O programa de concessões de infraestrutura do governo é citado por Amaral como um possível ponto positivo dentro de nosso ambiente interno no curto prazo, mas mesmo essa iniciativa merece ressalvas por parte do executivo. “O pessoal tem feito um trabalho bem consistente de espantar o investidor”, atesta o especialista.
Com base em operações de Long & Short, os multimercados da Equitas não conseguiram o retorno almejado nos últimos meses. “O primeiro semestre não foi particularmente bom, mas atribuimos isso muito mais a questões específicas do portfólio do que ao mercado que caiu”, fala o co-gestor da asset.
Questionado se considera o atual nível da Bolsa brasileira barata, Amaral afirma que isso depende mais do olhar com o qual o investidor se debruça sobre nosso mercado acionário.
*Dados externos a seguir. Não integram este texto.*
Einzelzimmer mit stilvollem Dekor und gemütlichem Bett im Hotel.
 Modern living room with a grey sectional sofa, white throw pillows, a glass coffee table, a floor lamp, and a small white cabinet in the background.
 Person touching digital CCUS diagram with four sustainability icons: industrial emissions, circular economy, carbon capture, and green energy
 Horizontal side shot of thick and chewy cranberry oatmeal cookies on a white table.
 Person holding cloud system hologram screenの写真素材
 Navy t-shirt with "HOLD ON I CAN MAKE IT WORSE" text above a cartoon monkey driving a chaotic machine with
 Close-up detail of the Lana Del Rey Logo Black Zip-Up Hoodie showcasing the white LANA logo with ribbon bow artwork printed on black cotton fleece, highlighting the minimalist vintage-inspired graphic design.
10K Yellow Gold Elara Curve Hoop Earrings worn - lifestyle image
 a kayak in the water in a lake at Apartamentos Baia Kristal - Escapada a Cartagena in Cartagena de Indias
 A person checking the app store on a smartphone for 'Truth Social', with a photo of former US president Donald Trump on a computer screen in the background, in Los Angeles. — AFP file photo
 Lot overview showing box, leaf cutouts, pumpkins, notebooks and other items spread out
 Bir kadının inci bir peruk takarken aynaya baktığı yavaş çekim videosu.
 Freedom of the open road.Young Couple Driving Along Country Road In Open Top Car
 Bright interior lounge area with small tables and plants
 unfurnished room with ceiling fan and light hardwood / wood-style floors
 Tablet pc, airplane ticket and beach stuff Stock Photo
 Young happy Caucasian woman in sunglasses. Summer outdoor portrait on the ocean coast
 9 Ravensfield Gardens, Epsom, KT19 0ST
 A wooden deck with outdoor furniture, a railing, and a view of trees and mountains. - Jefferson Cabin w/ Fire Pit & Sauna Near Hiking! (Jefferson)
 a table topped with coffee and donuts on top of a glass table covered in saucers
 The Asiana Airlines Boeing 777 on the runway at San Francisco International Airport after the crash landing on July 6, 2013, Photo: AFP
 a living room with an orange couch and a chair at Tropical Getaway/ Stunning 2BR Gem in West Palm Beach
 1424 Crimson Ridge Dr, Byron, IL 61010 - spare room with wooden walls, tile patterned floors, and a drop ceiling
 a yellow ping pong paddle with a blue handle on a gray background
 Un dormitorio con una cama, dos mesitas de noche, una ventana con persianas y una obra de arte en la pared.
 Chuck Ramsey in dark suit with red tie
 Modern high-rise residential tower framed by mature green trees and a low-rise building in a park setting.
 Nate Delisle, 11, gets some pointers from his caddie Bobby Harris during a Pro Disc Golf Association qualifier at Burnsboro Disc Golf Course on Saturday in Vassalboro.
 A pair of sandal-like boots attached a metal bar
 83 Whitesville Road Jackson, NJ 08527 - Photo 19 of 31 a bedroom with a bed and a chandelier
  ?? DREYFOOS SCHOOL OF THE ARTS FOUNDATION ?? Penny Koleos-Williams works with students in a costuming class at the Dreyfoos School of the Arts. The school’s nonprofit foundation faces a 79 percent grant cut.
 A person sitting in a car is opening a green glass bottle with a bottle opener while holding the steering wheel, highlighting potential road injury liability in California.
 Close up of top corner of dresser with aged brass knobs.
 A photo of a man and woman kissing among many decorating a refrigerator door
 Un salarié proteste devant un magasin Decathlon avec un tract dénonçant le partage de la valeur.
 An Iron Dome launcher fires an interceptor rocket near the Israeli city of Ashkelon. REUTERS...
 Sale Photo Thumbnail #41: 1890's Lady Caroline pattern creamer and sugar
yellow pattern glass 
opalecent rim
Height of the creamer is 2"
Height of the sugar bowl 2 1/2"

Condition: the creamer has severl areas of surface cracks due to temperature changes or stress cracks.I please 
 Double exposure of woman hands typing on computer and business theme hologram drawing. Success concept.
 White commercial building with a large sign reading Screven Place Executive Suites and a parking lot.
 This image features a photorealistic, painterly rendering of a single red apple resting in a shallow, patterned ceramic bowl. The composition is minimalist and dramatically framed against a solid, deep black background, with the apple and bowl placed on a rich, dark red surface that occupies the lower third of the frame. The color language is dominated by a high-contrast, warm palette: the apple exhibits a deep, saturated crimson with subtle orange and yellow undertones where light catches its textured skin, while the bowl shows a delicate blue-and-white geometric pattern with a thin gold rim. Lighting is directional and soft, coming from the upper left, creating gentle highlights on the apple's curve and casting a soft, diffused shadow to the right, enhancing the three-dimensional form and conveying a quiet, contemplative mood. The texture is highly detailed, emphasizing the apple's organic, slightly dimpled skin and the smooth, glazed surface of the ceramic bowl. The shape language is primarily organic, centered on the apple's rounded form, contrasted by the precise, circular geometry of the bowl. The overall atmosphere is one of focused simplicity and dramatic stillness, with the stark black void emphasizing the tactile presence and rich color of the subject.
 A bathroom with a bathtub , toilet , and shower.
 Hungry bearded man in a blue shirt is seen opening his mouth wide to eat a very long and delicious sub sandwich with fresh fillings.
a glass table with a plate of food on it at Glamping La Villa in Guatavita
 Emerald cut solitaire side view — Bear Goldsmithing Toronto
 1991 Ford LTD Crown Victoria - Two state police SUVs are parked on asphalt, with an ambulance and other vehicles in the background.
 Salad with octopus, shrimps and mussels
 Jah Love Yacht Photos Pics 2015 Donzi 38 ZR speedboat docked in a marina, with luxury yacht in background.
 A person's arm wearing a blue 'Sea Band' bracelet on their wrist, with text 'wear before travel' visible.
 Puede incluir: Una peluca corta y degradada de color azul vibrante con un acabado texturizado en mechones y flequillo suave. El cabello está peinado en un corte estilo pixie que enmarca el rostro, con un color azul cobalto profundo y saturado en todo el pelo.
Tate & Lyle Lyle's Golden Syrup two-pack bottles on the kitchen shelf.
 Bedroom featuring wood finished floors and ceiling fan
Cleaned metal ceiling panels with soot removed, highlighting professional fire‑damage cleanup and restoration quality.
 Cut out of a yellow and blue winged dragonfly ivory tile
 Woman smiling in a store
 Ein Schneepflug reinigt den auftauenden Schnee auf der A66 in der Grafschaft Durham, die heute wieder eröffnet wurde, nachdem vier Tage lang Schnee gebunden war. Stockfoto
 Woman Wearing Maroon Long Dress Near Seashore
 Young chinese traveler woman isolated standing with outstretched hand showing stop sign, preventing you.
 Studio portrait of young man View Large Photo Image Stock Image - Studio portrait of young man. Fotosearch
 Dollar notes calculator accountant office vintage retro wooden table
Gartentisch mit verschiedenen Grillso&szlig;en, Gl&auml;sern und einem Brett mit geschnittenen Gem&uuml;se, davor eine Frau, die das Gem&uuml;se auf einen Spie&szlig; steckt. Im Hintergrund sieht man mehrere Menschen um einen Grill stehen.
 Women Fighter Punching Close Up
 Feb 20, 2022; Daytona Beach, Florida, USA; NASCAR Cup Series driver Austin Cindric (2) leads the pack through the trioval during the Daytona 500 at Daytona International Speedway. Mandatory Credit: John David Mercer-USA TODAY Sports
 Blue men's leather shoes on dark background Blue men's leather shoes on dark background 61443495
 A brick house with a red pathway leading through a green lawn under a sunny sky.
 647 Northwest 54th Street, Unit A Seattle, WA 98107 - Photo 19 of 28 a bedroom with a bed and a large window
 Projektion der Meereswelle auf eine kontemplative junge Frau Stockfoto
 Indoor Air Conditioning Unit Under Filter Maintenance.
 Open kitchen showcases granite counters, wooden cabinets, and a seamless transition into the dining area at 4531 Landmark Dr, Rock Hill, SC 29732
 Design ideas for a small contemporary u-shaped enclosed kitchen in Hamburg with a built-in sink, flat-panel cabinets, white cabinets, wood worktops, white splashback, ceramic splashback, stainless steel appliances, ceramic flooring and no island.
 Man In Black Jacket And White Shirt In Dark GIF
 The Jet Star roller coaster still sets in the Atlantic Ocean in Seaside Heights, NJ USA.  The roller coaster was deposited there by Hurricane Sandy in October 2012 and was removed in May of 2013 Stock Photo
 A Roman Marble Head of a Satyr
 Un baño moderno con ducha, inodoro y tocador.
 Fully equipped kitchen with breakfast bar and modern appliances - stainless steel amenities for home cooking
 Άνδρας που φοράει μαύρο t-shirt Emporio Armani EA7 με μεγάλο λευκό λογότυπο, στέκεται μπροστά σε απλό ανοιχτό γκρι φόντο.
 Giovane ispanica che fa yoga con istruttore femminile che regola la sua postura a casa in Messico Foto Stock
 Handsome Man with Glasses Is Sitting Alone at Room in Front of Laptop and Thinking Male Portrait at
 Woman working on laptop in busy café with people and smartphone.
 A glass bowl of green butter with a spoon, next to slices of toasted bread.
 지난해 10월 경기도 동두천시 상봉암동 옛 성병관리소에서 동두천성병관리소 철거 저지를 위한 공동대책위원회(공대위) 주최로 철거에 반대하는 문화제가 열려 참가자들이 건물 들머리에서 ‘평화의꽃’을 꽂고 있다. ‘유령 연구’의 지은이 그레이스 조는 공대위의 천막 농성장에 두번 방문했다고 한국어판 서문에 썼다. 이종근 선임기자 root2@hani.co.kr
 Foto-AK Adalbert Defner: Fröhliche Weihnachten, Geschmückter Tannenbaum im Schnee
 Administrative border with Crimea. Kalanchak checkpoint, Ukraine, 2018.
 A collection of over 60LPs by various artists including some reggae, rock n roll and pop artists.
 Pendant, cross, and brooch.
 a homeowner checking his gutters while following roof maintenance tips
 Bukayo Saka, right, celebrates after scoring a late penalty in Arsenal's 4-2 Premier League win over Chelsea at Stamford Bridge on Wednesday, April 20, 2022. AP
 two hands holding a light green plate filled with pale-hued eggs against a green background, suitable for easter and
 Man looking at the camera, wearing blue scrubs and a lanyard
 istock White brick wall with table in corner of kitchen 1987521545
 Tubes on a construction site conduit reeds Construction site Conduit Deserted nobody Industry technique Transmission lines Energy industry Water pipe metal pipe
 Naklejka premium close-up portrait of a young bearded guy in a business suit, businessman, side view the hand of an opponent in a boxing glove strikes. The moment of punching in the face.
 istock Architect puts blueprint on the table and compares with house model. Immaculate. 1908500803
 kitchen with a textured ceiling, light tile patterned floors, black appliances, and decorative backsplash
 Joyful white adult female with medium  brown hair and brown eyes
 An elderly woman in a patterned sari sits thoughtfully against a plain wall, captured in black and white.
“Se acreditarmos que há uma possibilidade de mudança, que em algum momento vamos conseguir sair dessa armadilha de crescimento baixo e inflação alta, daí ela parece bastante barata, mas tem que acreditar um pouco nessa mudança. A gente como brasileiro tende a ser mais otimista, hoje estou na posição mais de torcedor do que de analista quando se refere a prever mudanças tanto no cenário macroeconômico como no cenário político”, fala o especialista.